Exception learning. New dialogs or errors encountered at runtime trigger capture of corrective strategies (e.g., retry, alternate path), which are merged into model 150 and propagated via repository 160.
Optimization. The system may reorder steps, coalesce redundancies, or parallelize independent tasks when safe, based on aggregated execution outcomes.
Fleet sharing. Improvements learned by one bot instance become available to others via repository synchronization.
Sensitive values (passwords, PII) are masked during capture; secrets are retrieved at runtime from a credential vault; screenshots can be redacted by policy; and logs support role-based access.
Embodiments run on general-purpose computers and/or servers; components may be co-located or distributed. A non-transitory computer-readable medium stores instructions that, when executed, implement the methods herein.

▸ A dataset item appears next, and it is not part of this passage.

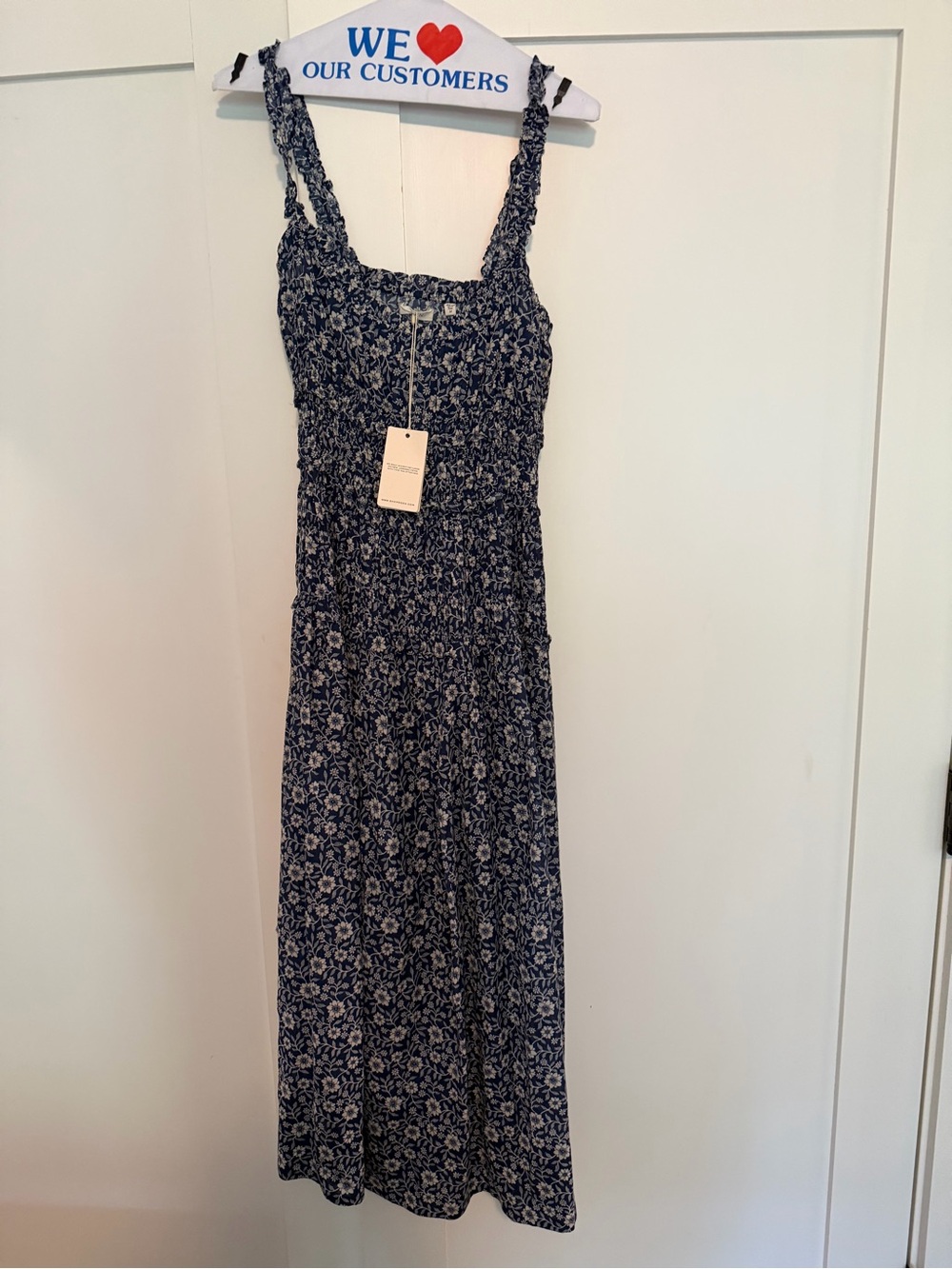 Doen Navy Floral Smocked Midi Dress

A preferred embodiment uses: (i) Transformer-based sequence modeling (12-layer encoder with positional encoding over action tokens and UI-state embeddings); (ii) a CV stack with OCR and a GUI-element detector fine-tuned from a general object-detection backbone on annotated screen images; (iii) hybrid element fusion that scores candidates using a weighted sum of CV similarity and DOM/accessibility attributes; (iv) anomaly handlers prioritizing low-risk retries, then alternate locators, then user cueing; and (v) repository-driven A/B evaluation of model updates before fleet rollout. Hyperparameters and training recipes are selected to maximize recall of target elements at given latency constraints.
Sequence learners can be LSTM or GRU; CV may rely on template matching where ML is unavailable; the system may prefer native APIs where present and fall back to CV elsewhere; and on-device, edge, or cloud training may be used depending on privacy and performance needs.
Unlike systems that only mine logs or only add CV selectors, this platform integrates context-aware segmentation, deep sequence learning, cross-platform hybrid element binding, and a closed feedback loop that updates both models and task definitions from runtime experience.
1. A computer-implemented method for automatically learning and executing a user workflow across one or more applications, the method comprising: capturing images of a graphical user interface during performance of the user workflow and retrieving user-interface element information via operating-system or application programming interfaces; analyzing, by a computer-vision module, the images and the user-interface element information to recognize user-interface elements; monitoring and recording user input actions associated with the recognized user-interface elements; training or configuring a machine-learning model using the recorded actions in sequence to learn an ordered sequence of actions constituting the user workflow; automatically determining, via contextual analysis of the sequence of actions and interface states, boundaries that divide the sequence into one or more discrete reusable tasks; storing a representation of the ordered sequence of actions for each discrete task; and automatically executing at least one of the discrete tasks on a target computing environment by programmatically interacting with the recognized user-interface elements, including detecting an execution anomaly and, in response, adjusting execution using an alternative action or updated element identifier, and updating the machine-learning model based on the adjusted execution.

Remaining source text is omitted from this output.